After, which was released back in April, tells the story of the world’s most boring college romance.
Tessa (Josephine Langford) is a beautiful, intelligent, but shy good girl who has just stared college and who is struggling to fit in with her fellow students. Her new roommate has tattoos and a nose ring and Tessa’s just not sure if she can keep up with a group of campus rebels who drink, vape, and play extremely anodyne games of truth or dare. Tessa’s roommate demands to know why Tessa has so many old books. It’s because Tessa loves to read but we soon discover that her literary tastes seem to be dominated by her old high school reading list. In her lit class, she says that Pride and Prejudice is a “revolutionary feminist novel,” in a tone of voice that indicates that she googled “revolutionary feminism” for the first time the previous night.
Hardin (Hero Fiennes-Tiffin) is a bad boy because he has tattoos and he tends to smirk before leaving a room. Hardin seems like he’s …. well, I guess he’s supposed to be dangerous. He’s cynical and he says there’s no such thing as love but actually, he just needs someone to help tend to his emotional wounds.
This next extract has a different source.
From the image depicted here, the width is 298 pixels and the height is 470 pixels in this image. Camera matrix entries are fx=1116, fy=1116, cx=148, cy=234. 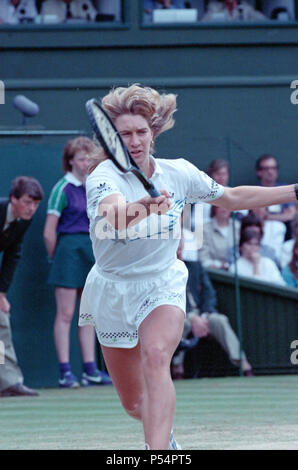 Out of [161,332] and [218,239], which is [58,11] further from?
[161,332]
We know that he’s not really a bad dude because he likes Jane Austen and he has a copy of Wuthering Heights in his room, one that’s full of book marks, indicating that he is an actual serious student of literature. He also says that The Great Gatsby was all a dream. (Seriously, you know he’s serious about literature when he owns copies of both Wuthering Heights and The Great Gatsby. I imagine if the movie had lasted a few minutes longer, he would have said, “Hemingway was the poor man’s Hemingway,” and everyone’s mind would have been totally blown.)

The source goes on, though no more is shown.